ASIAN ALLOYS LIMITED AND MR. PAWAN Vs. CCE

Decided On July 28, 2006
Asian Alloys Limited And Mr. Pawan Appellant
V/S
CCE Respondents

JUDGEMENT

(1.) ALL the four appeals have been argued together by the parties relying upon the complete record placed in Excise Appeal No. 3742 of 2003 and are therefore disposed off by this common judgment. Central Excise Appeal Nos. 3741 -42 of 2003

(2.) THESE two appeals are preferred against the order of the Commissioner dated 09.09.2003, determining that the central excise duty of Rs. 4,21,34,053/ - was leviable on the goods removed clandestinely to the Domestic Tariff Area (DTA) as per the ledger account of the appellant unit and ordering the said amount to be paid under Section 11A of the Central Excise Act, 1944, determining that the unit should also pay under the said provision, a further, central excise duty amount of Rs. 1,21,76,522/ - on 49275.32 kgs. of hosiery knitted fabrics, which were found short in comparison to the balance recorded in the bond register, determining that the appellant unit should pay central excise duty of Rs. 23,49,22,178/ - on the fabrics manufactured by the unit on job work, imposing penalty of Rs. 28,92,32,753/ - being the total amount equivalent to the total aforesaid duty amounts, and confirming the interest at the applicable rate was chargeable on the amounts of duty determined to be paid by the appellant M/s Asian Alloys Limited (Excise Appeal No. 3742 of 2003). The other appeal (Excise Appeal No. 3741 of 2003) has been preferred by the Chairman Managing Director of the appellant company against the impugned order imposing penalty of Rs. Seven Crores on him under Rule 209A of the Central Excise Rules 1944 read with Section 38A of the said Act.

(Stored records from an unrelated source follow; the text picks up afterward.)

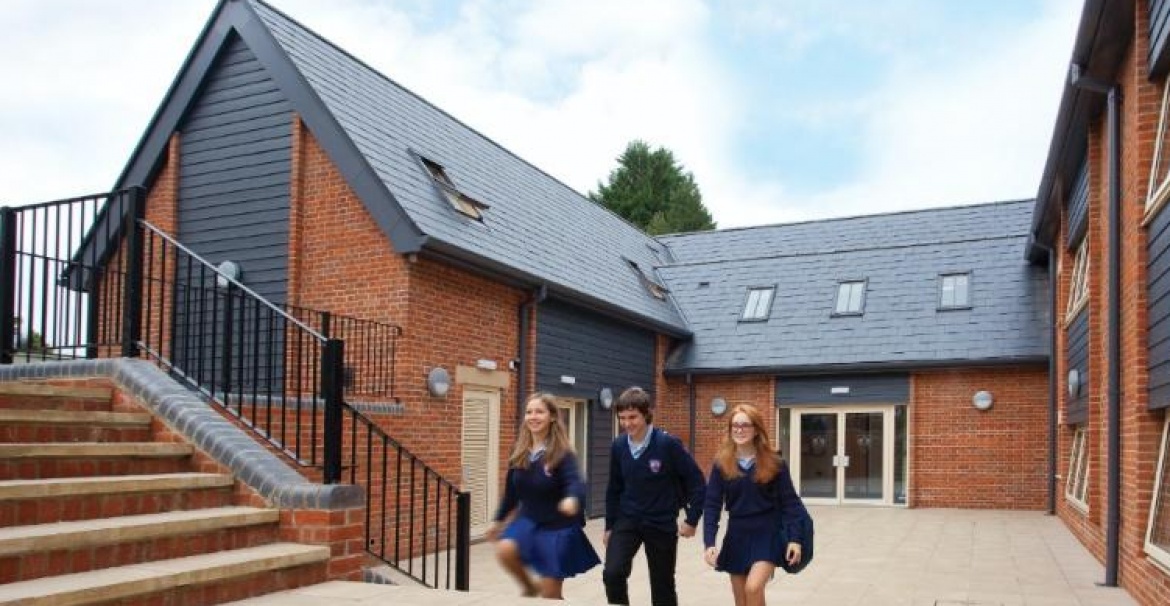 Bishopstrow College online summer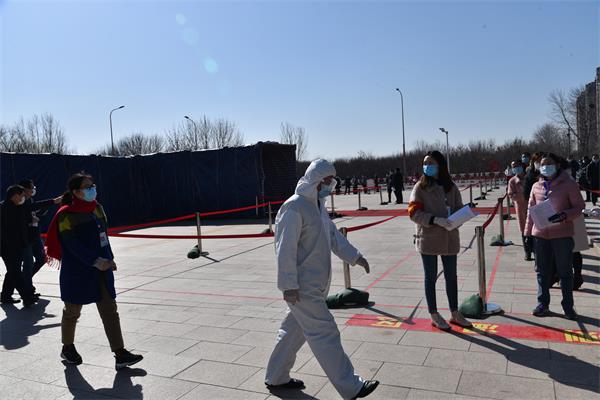 我校举行开学疫情防控模拟演练！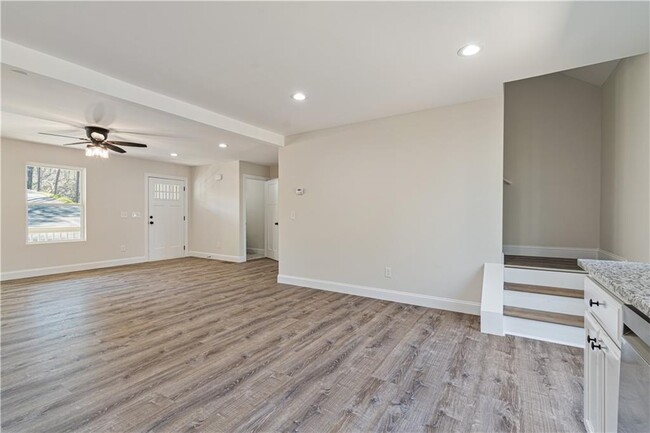 Building Photo - 230 Grand Oak Ln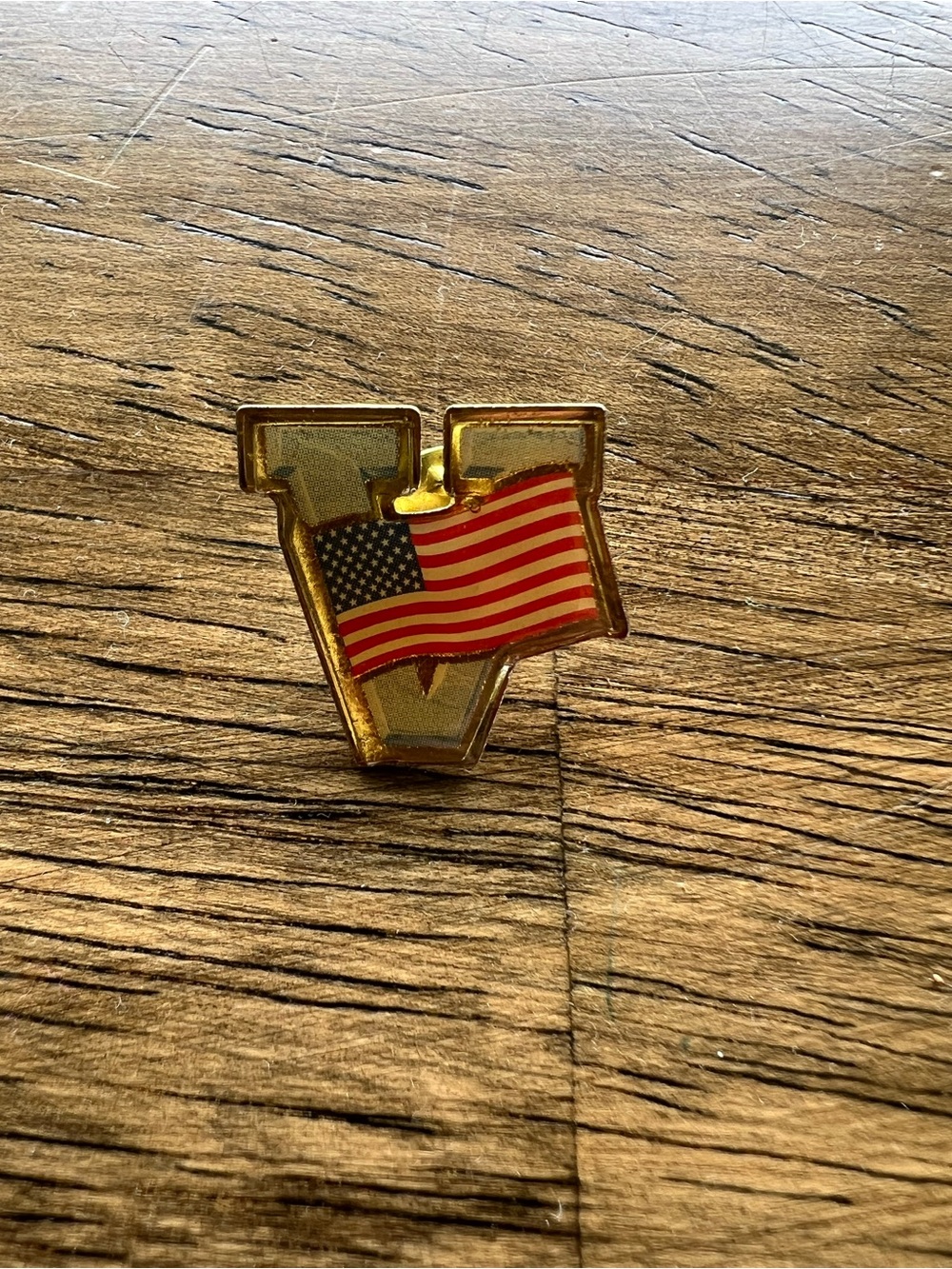 Vintage - V for Victory with American Flag Accent Pin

(3.) THE case of the Revenue was that the appellant company M/s Asian Alloys Limited was a 100% EOU engaged in the manufacture of Hosiery Knitted Fabrics and knitted garments as per the permission granted by the Government of India under letter No. PER/309/1994/EOB/332/94 dated 5.9.94. The appellant company had undertaken to export the resultant products, namely, knitted fabrics and readymade garments of the FOB value of Rs. 1523/ - lacs in the first year, Rs. 3480/ - lacs in the second year, Rs. 3915/ - lacs in the third year, Rs. 3915/ - lacs in the fourth year, and Rs. 3915/ - lacs in the fifth year, and undertaken minimum net foreign exchange of US 22221 thousand by exporting its entire production (including the sales in the DTA as may be permissible under the policy), for a period of five years beginning from the first day after commencement of commercial production or from the date of agreement. It was stipulated that if the unit was unable to fulfill the export obligation undertaken by it, it would be required to pay the amount of customs duty that would be leviable at the relevant time on the items of plant and machinery and equipment and raw materials, components and consumables allowed for import by the said unit in terms of the licence granted to them, and also the amount of duty leviable on the indigenous plant and machinery and equipment as well as raw materials, components and consumables purchased by the unit during the said period. In Clause (d) of the agreement dated 27.6.1995, it was agreed that under no circumstances the unit will be allowed to dispose off the export product in the domestic market, unless specifically allowed by the Government. Admittedly, the appellant company had executed general bonds (B -17) before the authorities from time to time binding itself with the obligations and undertakings mentioned therein.